Happy Wednesday! Here’s a quick Quarter Inch before I get all my gear together for my road trip to California.

James Lindsay, the “anti-woke” crusader, has been noticing for awhile now that there is a “right wing” version of the phenomenon. My colleagues and I have been beating that drum for years now, even compiling a whole book on how the “post-liberal” right is essentially a reactionary and revolutionary movement. Well, Lindsay wanted to test his theory so he hatched a plan.

He took a large portion of text from Marx and Engels’s Communist Manifesto, changed some of the terminology (e.g., “bourgeoisie” to “classical liberalism,” “proletariat” to “New Right,” that sort of thing), essentially turning it into a manifesto for the post-liberal Christian Nationalist crowd. Then he created a fresh burner email account, made up a name (“Marcus Carlson”), and submitted it to the flagship New Right publication, American Reformer.

They published it with no questions asked.

What’s that the kids say these days? Oh, yes. Based.

He tells the whole story here. He concludes: “The Woke Right is Woke. They saw themselves in what can only be called a ‘Communist Manifesto for Christian Nationalists.’”

The stunt is, of course, of questionable and fleeting substantive value, but the AmRef folks are not taking it very well and I’m not feeling particularly sorry for them.

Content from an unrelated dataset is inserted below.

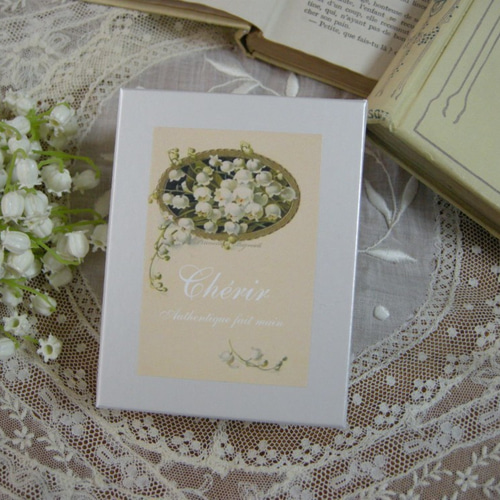 ハンドメイド】すずらんのクロスステッチとビーズ刺繍入り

Major League Baseball really needs a Commissioner who actually likes baseball. I know, I’ve been saying that for years. But Rob Manfred has got a brand-new harebrained idea that needs to be suffocated to death. He’s now publicly floated the idea of “Golden At-Bat.” You get one per game, and it means that you can have your best hitter come to the plate at any point of the game, regardless of the batting order.

Good grief.

What about the “Golden Pitch”? You can bring in your closer at any tight spot in the game, and he’d still be available in the 9th! Or my favorite suggestion: how about placing a giant bullseye in the outfield bleachers, and if a batter hits it the runs are doubled! Heck, let’s use aluminum bats and use softballs while we’re at it!

Ownership needs to put the ‘ol kibosh on this one, quick. Forget the Golden At-Bat. Give Mr. Manfred a Golden Parachute and send him off to retirement.